══ Dataset ══

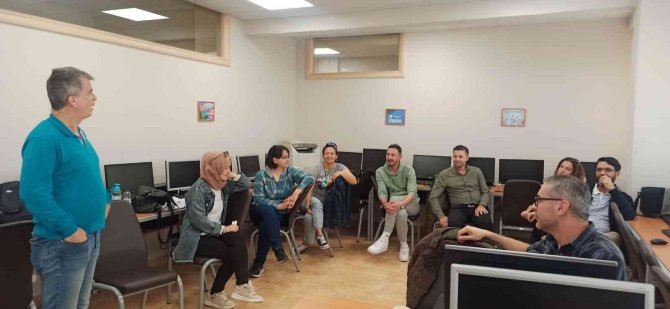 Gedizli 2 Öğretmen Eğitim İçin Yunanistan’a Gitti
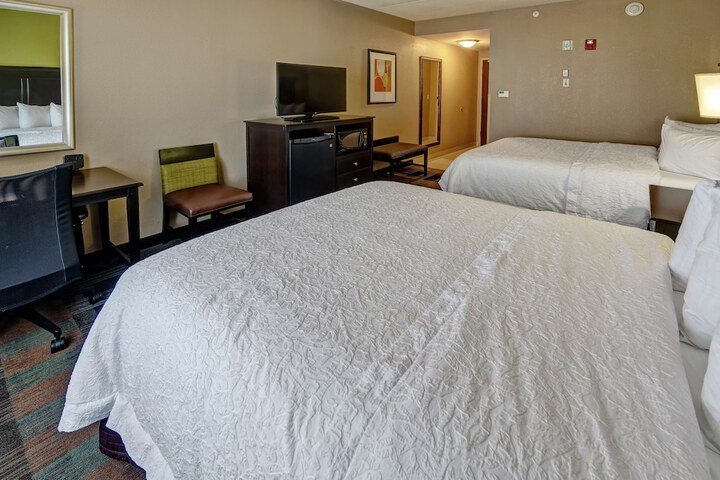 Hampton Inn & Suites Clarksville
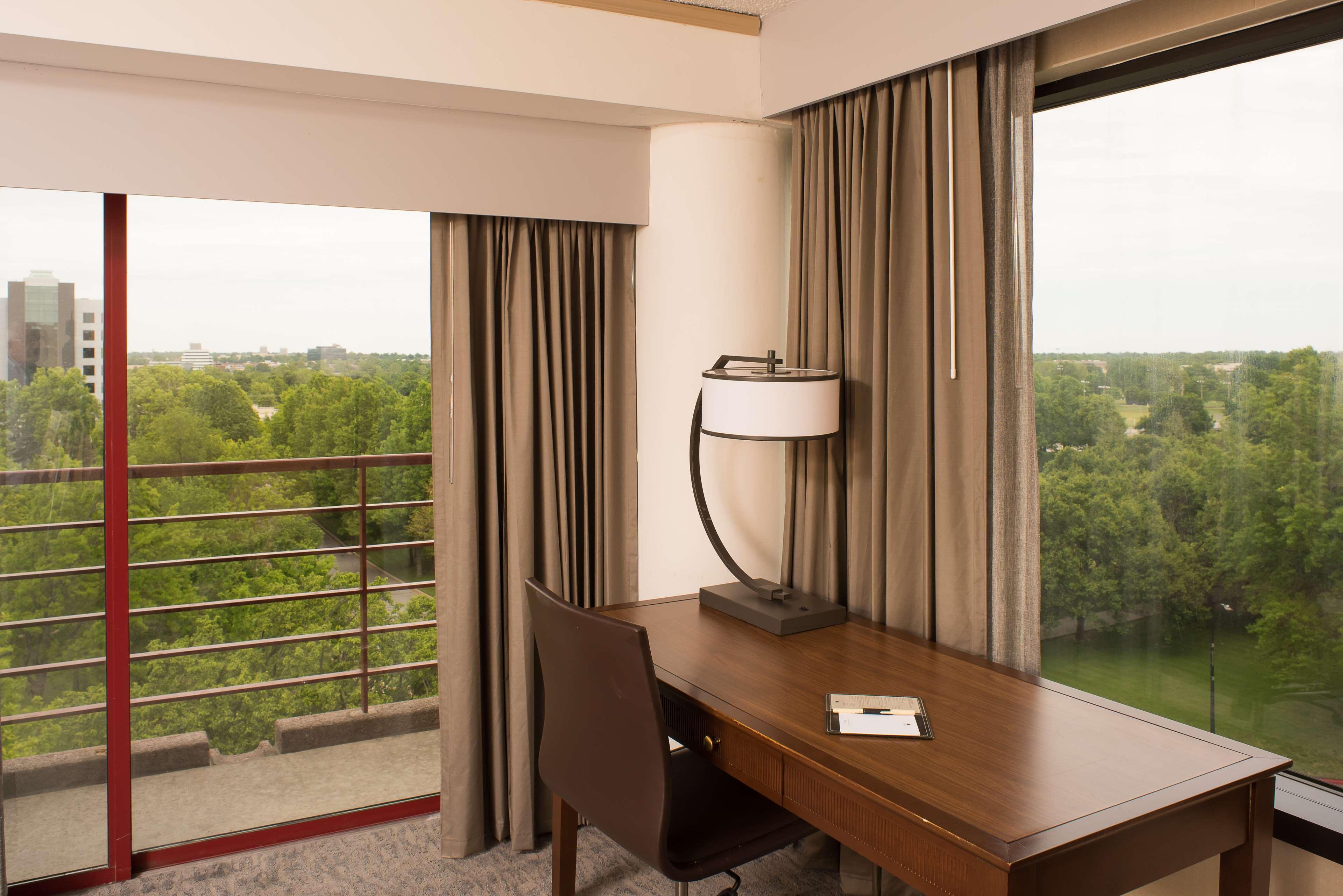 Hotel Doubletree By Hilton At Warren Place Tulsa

═══
══ Dataset ══

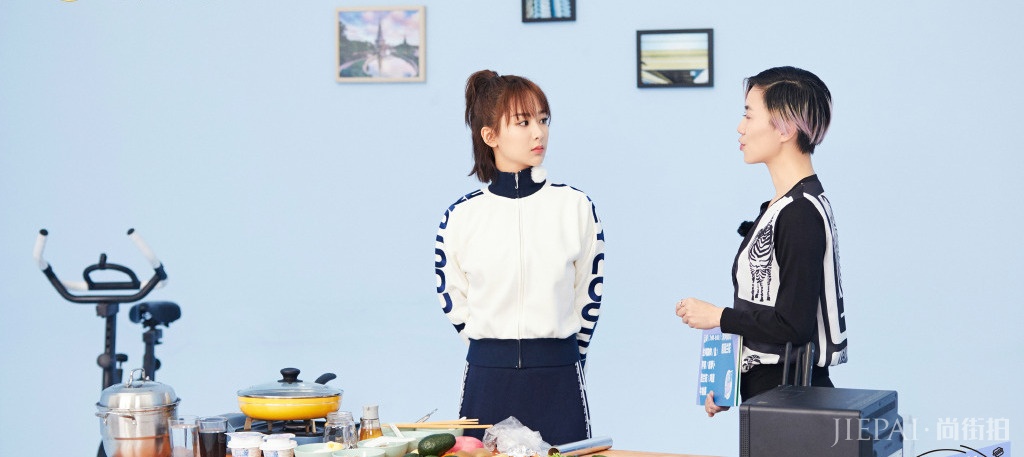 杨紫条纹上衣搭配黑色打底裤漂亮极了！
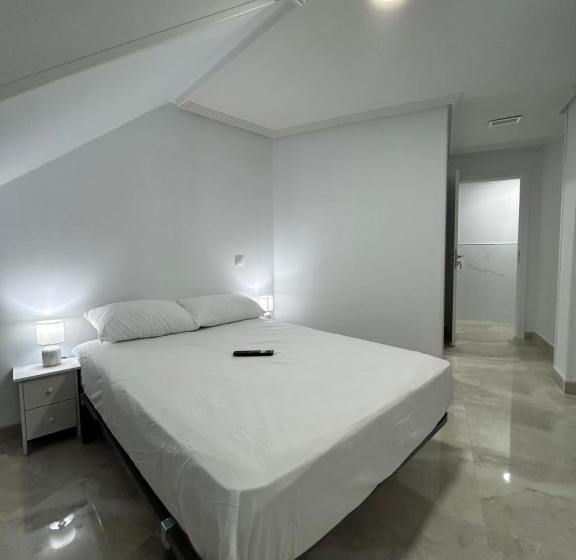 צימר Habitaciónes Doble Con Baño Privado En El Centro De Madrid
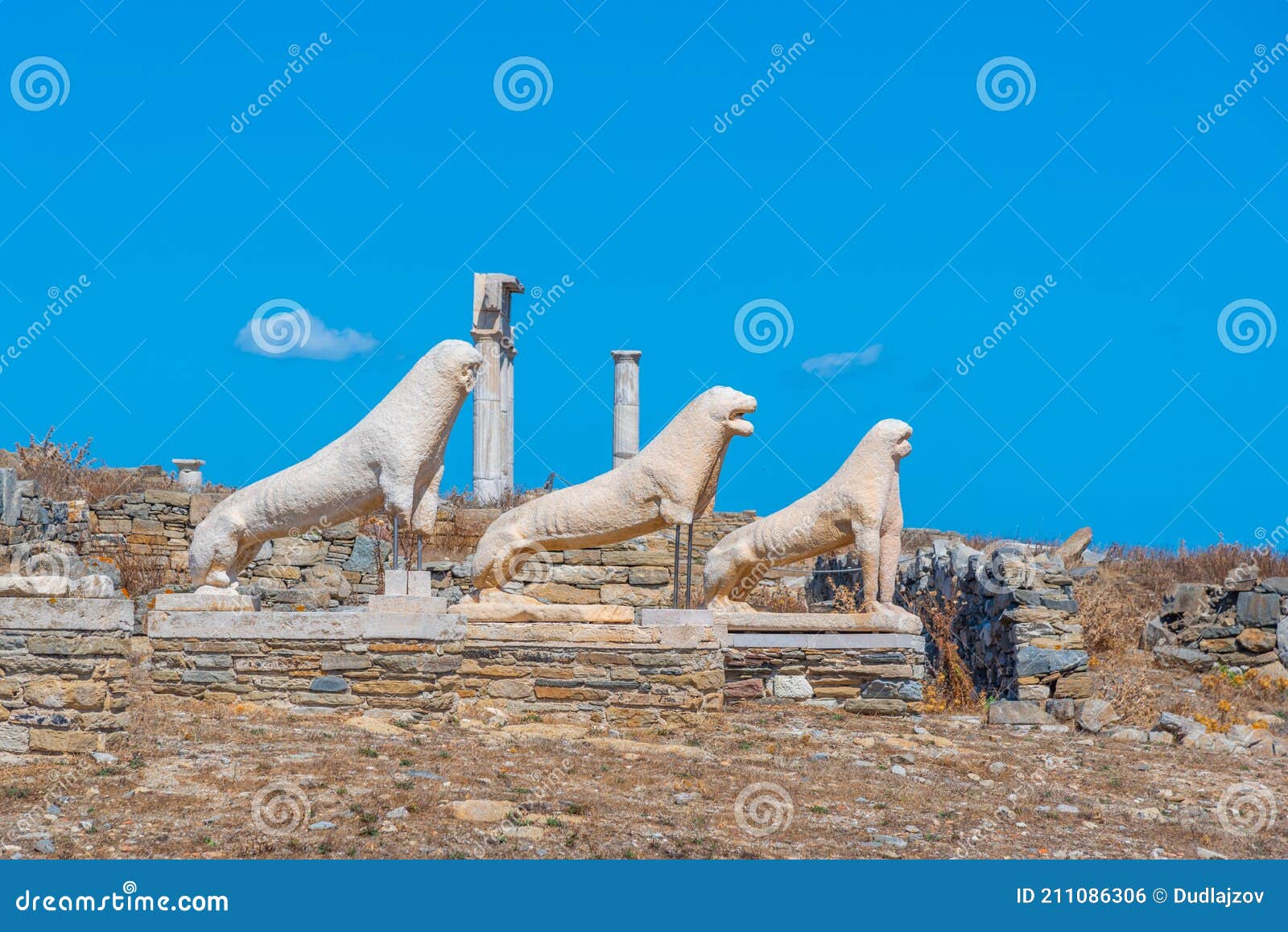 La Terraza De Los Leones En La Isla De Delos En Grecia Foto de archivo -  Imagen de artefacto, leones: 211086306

═══
══ Dataset ══

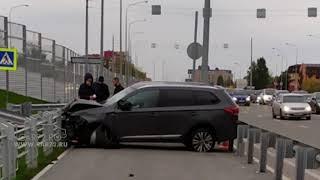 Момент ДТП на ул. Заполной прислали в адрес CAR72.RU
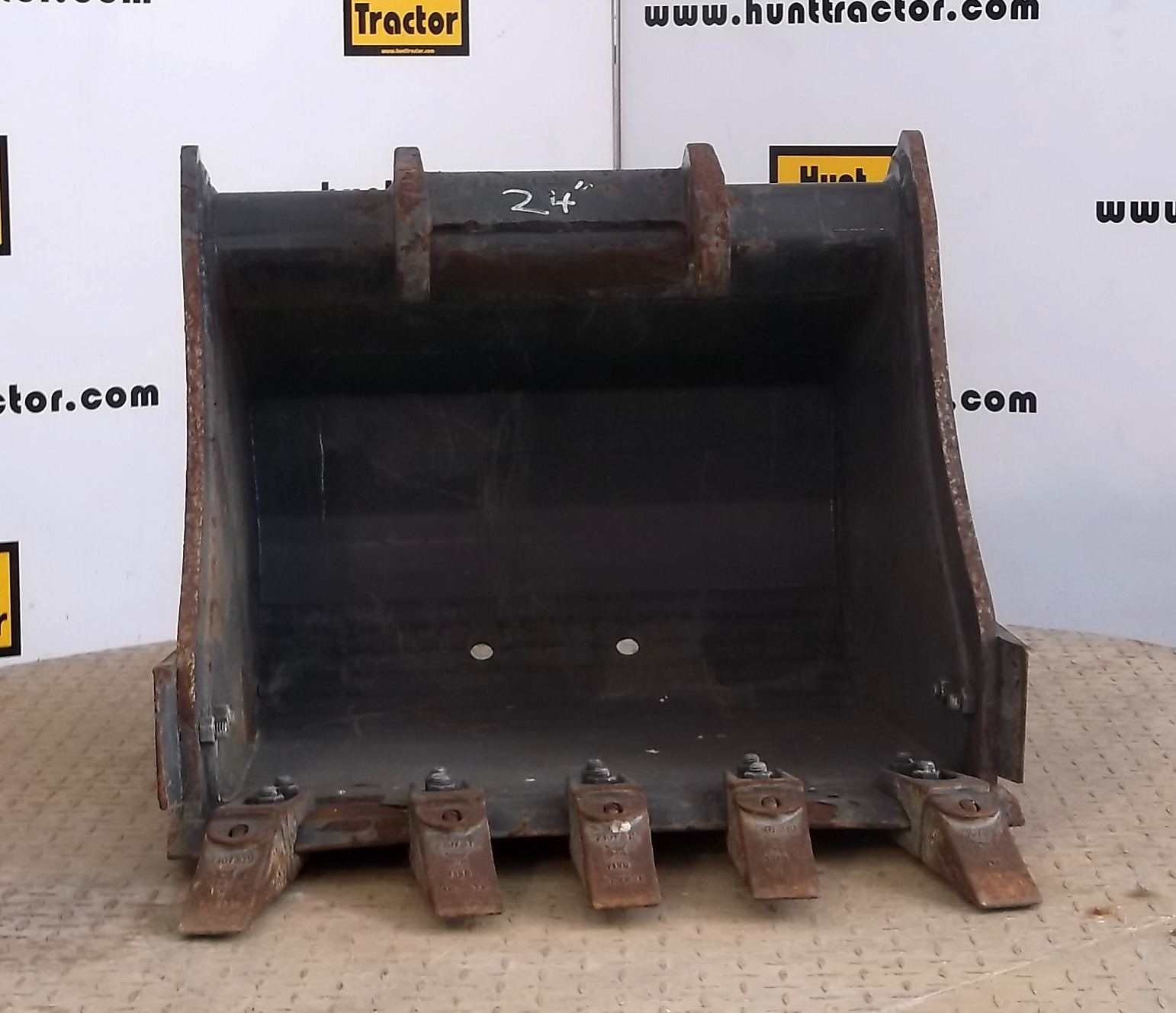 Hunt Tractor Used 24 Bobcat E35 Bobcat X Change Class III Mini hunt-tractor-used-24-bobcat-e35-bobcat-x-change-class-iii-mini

═══

◆ What to work on ◆
In the listing above, find the line containing "Момент ДТП на" and the line containing "Hunt Tractor Used", then print exactly those two lines and every line between them, minus the pictures.

◆ Problem solution ◆
 Момент ДТП на ул. Заполной прислали в адрес CAR72.RU
 Hunt Tractor Used 24 Bobcat E35 Bobcat X Change Class III Mini hunt-tractor-used-24-bobcat-e35-bobcat-x-change-class-iii-mini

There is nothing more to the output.